PROBLEM STATEMENT: Beginning at the line containing "Lampe de table beige akane 1 ampoule h59", print every line until the records end, keeping each exactly as it is.
########################################
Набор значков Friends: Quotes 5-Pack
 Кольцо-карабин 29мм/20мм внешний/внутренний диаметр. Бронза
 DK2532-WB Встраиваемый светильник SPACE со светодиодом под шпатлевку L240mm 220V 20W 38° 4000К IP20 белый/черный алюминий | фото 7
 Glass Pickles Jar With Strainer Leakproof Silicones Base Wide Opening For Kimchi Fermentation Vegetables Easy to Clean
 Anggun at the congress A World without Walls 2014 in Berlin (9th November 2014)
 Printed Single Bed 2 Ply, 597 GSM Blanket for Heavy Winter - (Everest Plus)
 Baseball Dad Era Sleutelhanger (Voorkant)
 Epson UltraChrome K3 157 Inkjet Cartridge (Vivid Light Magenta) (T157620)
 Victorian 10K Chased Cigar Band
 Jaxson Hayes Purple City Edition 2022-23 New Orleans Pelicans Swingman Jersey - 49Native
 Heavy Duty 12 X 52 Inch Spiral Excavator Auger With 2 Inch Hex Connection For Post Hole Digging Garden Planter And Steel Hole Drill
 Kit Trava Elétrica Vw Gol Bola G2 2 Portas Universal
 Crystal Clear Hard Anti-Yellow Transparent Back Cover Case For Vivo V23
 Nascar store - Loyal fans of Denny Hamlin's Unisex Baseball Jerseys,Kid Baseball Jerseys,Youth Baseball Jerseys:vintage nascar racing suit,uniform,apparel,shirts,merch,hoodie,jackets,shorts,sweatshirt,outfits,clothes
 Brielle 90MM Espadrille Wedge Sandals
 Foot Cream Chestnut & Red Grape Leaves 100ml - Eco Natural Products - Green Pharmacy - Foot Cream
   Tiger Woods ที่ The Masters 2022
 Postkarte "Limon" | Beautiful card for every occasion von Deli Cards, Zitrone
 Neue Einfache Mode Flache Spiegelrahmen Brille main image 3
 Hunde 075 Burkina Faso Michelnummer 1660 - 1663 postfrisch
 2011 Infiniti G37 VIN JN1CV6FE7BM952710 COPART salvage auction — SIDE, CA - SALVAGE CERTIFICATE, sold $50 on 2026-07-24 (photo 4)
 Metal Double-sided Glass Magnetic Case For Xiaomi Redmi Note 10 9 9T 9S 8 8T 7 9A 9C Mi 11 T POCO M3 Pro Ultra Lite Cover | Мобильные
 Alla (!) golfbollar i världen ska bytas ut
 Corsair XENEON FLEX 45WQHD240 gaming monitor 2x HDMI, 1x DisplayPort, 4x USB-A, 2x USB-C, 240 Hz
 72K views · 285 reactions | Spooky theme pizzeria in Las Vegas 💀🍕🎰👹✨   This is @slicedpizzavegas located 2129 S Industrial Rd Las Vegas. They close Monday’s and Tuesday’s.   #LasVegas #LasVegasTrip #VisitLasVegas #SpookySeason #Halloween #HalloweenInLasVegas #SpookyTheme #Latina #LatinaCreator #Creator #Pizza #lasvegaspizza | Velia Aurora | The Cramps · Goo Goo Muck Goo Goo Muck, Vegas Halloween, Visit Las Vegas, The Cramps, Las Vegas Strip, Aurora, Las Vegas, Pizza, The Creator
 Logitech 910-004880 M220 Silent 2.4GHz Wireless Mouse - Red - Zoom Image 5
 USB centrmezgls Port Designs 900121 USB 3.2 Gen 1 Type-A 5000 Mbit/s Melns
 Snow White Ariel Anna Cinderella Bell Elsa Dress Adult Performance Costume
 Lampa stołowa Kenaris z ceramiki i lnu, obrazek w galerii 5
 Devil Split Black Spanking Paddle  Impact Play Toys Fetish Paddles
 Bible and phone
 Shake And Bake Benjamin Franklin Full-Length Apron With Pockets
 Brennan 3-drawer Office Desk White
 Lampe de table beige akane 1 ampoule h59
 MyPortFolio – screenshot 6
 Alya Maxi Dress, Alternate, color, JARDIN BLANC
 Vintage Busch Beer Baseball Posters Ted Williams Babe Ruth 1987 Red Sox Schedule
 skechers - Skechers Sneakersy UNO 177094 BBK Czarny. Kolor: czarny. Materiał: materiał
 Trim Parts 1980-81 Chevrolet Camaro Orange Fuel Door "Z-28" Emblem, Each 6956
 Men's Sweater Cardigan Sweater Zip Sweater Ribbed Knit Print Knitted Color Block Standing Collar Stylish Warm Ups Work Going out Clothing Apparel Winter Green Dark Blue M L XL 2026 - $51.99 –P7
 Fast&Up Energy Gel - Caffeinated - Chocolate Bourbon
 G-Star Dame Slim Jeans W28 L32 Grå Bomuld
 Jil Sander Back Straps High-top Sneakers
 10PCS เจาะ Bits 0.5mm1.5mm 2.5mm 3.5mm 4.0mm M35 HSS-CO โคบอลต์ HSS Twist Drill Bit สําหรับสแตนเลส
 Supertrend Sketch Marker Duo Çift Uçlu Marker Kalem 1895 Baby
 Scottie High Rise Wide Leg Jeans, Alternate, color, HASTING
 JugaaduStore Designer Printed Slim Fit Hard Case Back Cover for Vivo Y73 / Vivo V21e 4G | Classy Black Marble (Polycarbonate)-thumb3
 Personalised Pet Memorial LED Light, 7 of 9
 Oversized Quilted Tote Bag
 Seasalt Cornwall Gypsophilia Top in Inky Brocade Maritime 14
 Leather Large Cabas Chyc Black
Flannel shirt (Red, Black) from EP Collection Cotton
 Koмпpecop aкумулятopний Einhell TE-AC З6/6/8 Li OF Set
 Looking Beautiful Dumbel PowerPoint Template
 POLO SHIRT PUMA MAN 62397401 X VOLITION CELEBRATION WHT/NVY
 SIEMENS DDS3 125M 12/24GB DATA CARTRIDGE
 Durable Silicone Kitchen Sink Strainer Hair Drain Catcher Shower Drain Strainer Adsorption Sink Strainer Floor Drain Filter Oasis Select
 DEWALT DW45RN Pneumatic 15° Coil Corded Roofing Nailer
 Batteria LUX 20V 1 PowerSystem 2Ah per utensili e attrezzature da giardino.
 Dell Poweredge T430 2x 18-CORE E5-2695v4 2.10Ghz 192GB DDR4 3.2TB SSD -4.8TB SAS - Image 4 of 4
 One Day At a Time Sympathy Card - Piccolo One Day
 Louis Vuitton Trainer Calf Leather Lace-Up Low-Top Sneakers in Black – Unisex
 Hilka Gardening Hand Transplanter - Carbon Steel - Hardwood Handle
########################################
RESPONSE BOX:
 Lampe de table beige akane 1 ampoule h59
 MyPortFolio – screenshot 6
 Alya Maxi Dress, Alternate, color, JARDIN BLANC
 Vintage Busch Beer Baseball Posters Ted Williams Babe Ruth 1987 Red Sox Schedule
 skechers - Skechers Sneakersy UNO 177094 BBK Czarny. Kolor: czarny. Materiał: materiał
 Trim Parts 1980-81 Chevrolet Camaro Orange Fuel Door "Z-28" Emblem, Each 6956
 Men's Sweater Cardigan Sweater Zip Sweater Ribbed Knit Print Knitted Color Block Standing Collar Stylish Warm Ups Work Going out Clothing Apparel Winter Green Dark Blue M L XL 2026 - $51.99 –P7
 Fast&Up Energy Gel - Caffeinated - Chocolate Bourbon
 G-Star Dame Slim Jeans W28 L32 Grå Bomuld
 Jil Sander Back Straps High-top Sneakers
 10PCS เจาะ Bits 0.5mm1.5mm 2.5mm 3.5mm 4.0mm M35 HSS-CO โคบอลต์ HSS Twist Drill Bit สําหรับสแตนเลส
 Supertrend Sketch Marker Duo Çift Uçlu Marker Kalem 1895 Baby
 Scottie High Rise Wide Leg Jeans, Alternate, color, HASTING
 JugaaduStore Designer Printed Slim Fit Hard Case Back Cover for Vivo Y73 / Vivo V21e 4G | Classy Black Marble (Polycarbonate)-thumb3
 Personalised Pet Memorial LED Light, 7 of 9
 Oversized Quilted Tote Bag
 Seasalt Cornwall Gypsophilia Top in Inky Brocade Maritime 14
 Leather Large Cabas Chyc Black
Flannel shirt (Red, Black) from EP Collection Cotton
 Koмпpecop aкумулятopний Einhell TE-AC З6/6/8 Li OF Set
 Looking Beautiful Dumbel PowerPoint Template
 POLO SHIRT PUMA MAN 62397401 X VOLITION CELEBRATION WHT/NVY
 SIEMENS DDS3 125M 12/24GB DATA CARTRIDGE
 Durable Silicone Kitchen Sink Strainer Hair Drain Catcher Shower Drain Strainer Adsorption Sink Strainer Floor Drain Filter Oasis Select
 DEWALT DW45RN Pneumatic 15° Coil Corded Roofing Nailer
 Batteria LUX 20V 1 PowerSystem 2Ah per utensili e attrezzature da giardino.
 Dell Poweredge T430 2x 18-CORE E5-2695v4 2.10Ghz 192GB DDR4 3.2TB SSD -4.8TB SAS - Image 4 of 4
 One Day At a Time Sympathy Card - Piccolo One Day
 Louis Vuitton Trainer Calf Leather Lace-Up Low-Top Sneakers in Black – Unisex
 Hilka Gardening Hand Transplanter - Carbon Steel - Hardwood Handle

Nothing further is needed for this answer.